### Problem statement
For the records below, please print exactly and only the lines from the one with "PancakeSwap Banner" down to the one with "Fragment Wall Lamp Wall lamp", both ends included, omitting the pictures.

### Input

• • • • • • •

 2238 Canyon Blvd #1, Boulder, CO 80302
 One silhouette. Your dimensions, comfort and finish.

• • • • • • •

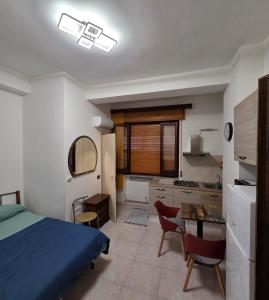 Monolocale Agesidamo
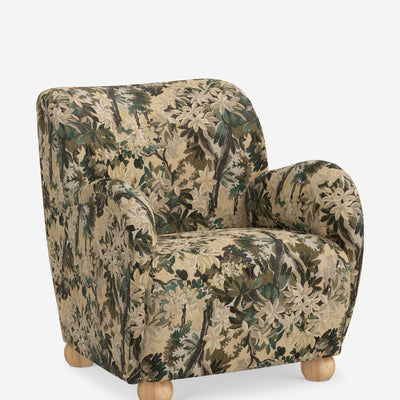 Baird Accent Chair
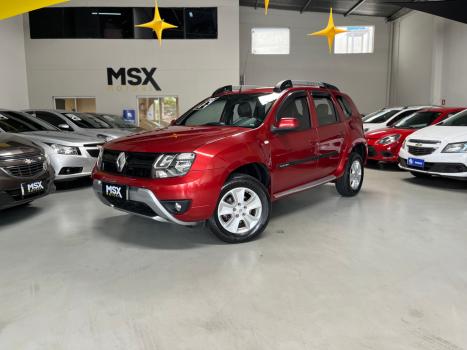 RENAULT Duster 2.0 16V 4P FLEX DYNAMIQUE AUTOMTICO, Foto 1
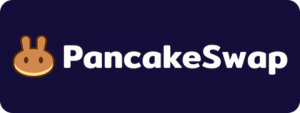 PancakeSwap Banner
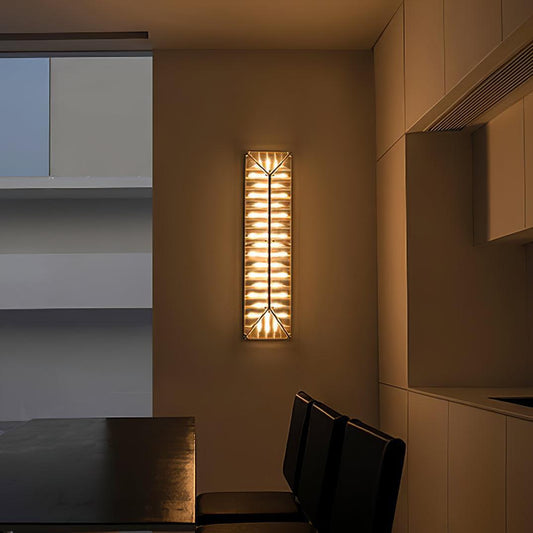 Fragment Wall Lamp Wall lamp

• • • • • • •

### Exercise response
 PancakeSwap Banner
 Fragment Wall Lamp Wall lamp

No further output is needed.